→ **Problem details**: Could you retype the material, starting at its first line and ending with the line holding "Children's Cotton T-shirt", and keep the pictures out?

□ □ □ □ □

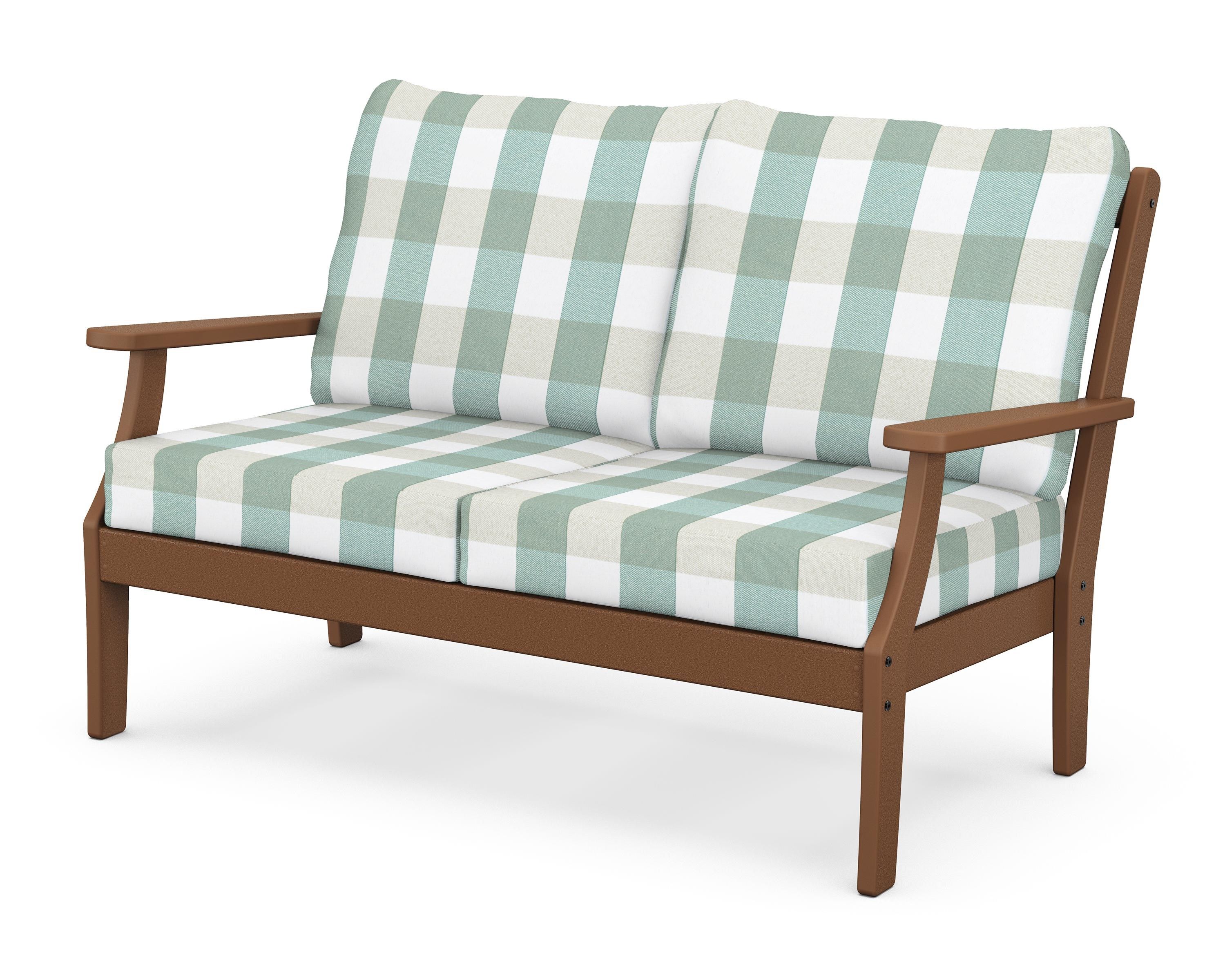 POLYWOOD® Braxton Deep Seating Loveseat in Teak / Buffalo Plaid Glacier Spa
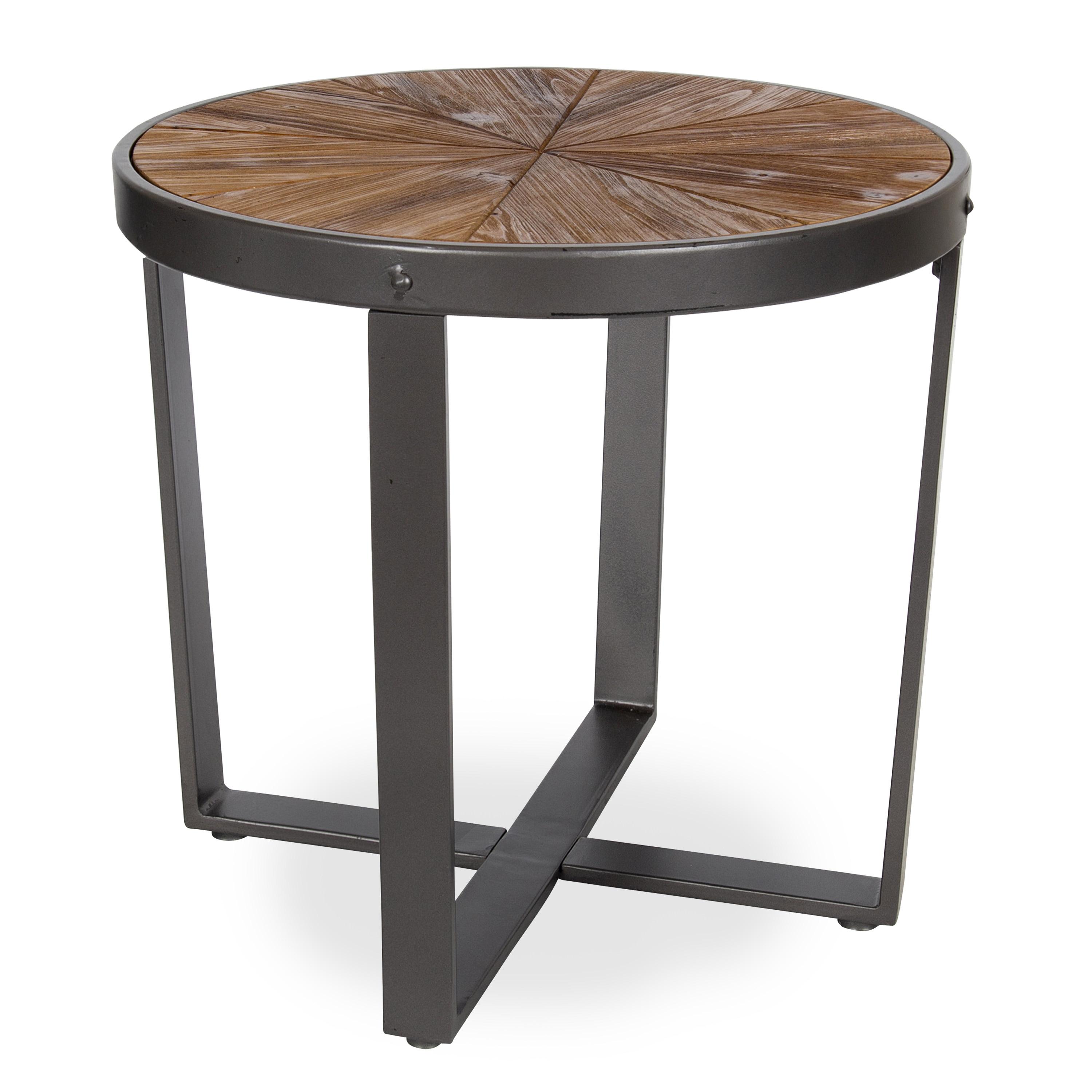 Kate and Laurel Gerhardt Round Metal Side Table, 20x20x18.5, Brown and Gray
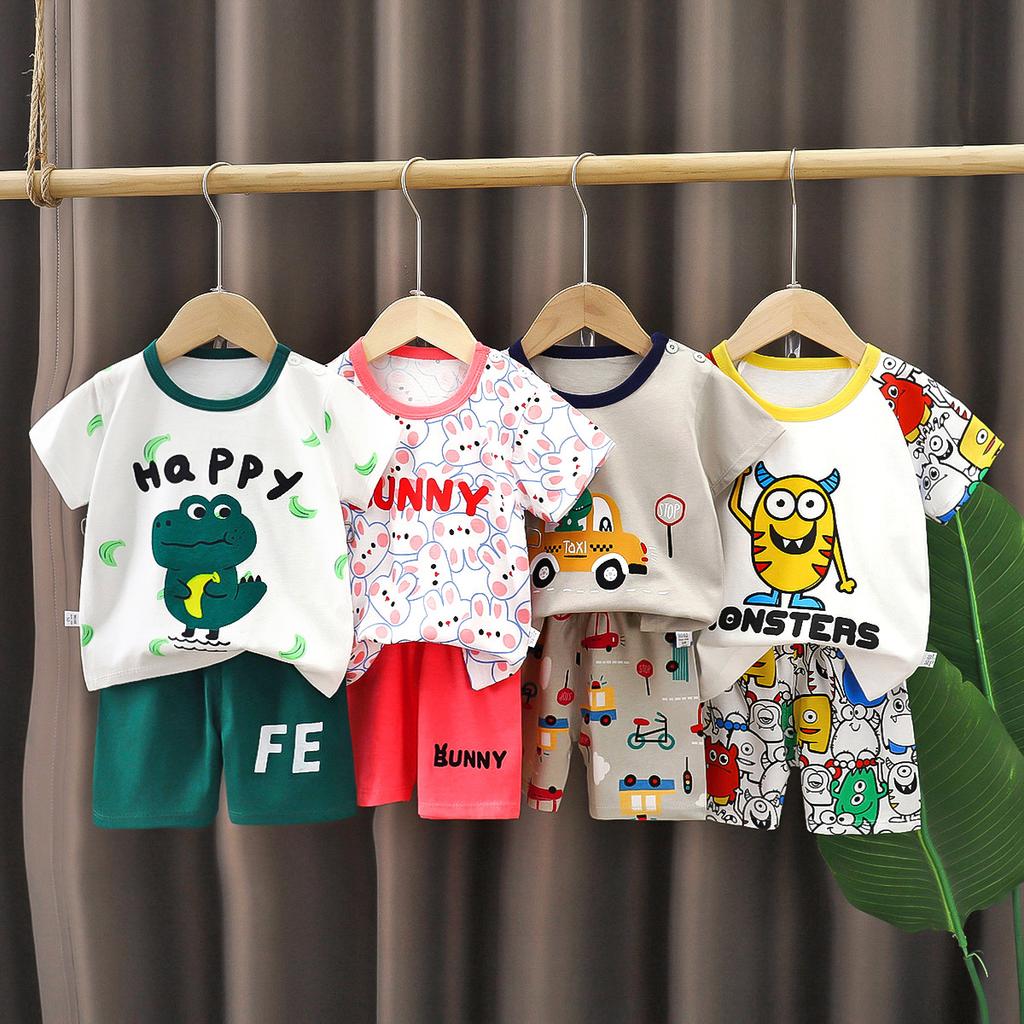 Children's Cotton T-shirt Set - Summer Boys' Casual Short-sleeved Shorts 2-piece Set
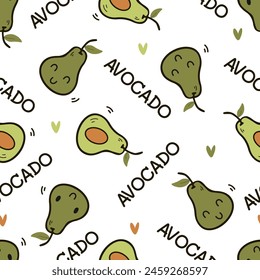 Patrón sin costuras de aguacate lindo. Fondo de frutas de dibujos animados con el texto " AGUACATE ". Ilustración vectorial. Para tela, textil, Fondo de pantalla, papel de embalaje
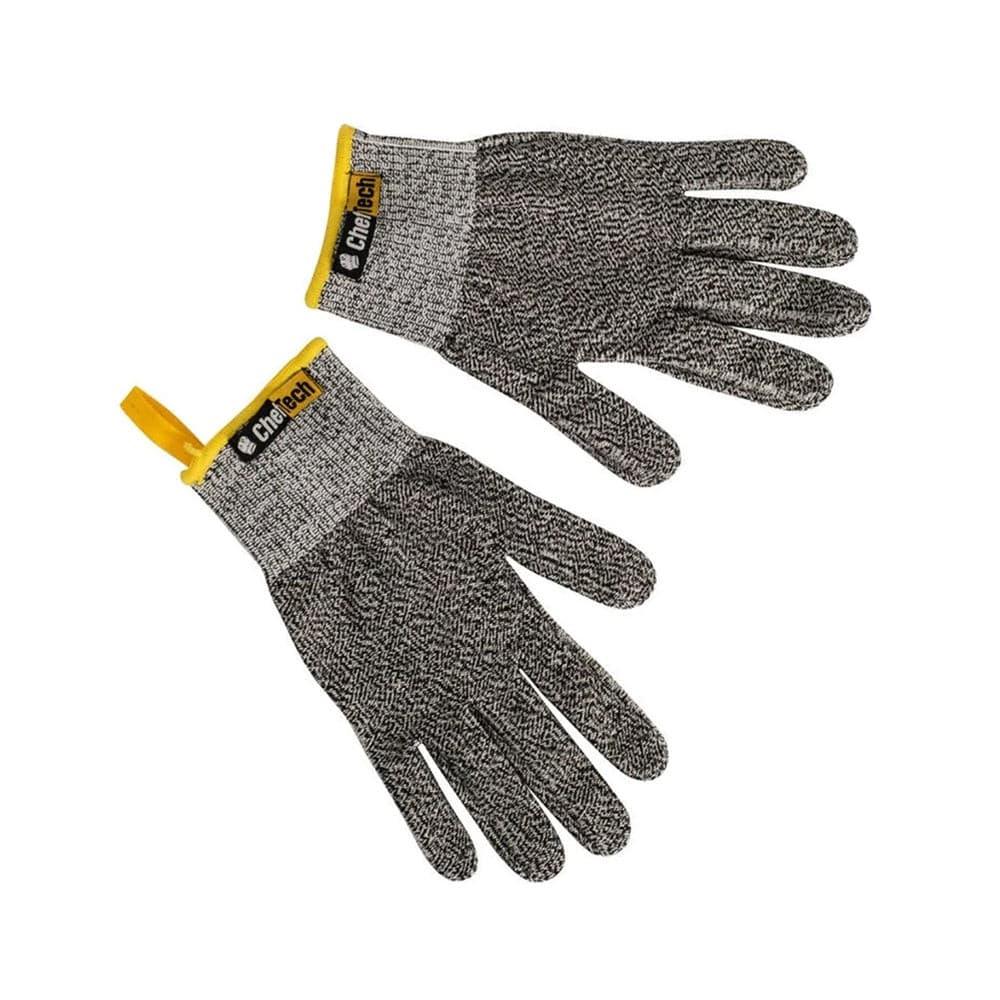 Cheftech Fibre Knit Cut Resist Gloves - Pair, marled grey and black knit gloves with light grey cuffs and yellow trim.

□ □ □ □ □

→ **Solution**:
 POLYWOOD® Braxton Deep Seating Loveseat in Teak / Buffalo Plaid Glacier Spa
 Kate and Laurel Gerhardt Round Metal Side Table, 20x20x18.5, Brown and Gray
 Children's Cotton T-shirt Set - Summer Boys' Casual Short-sleeved Shorts 2-piece Set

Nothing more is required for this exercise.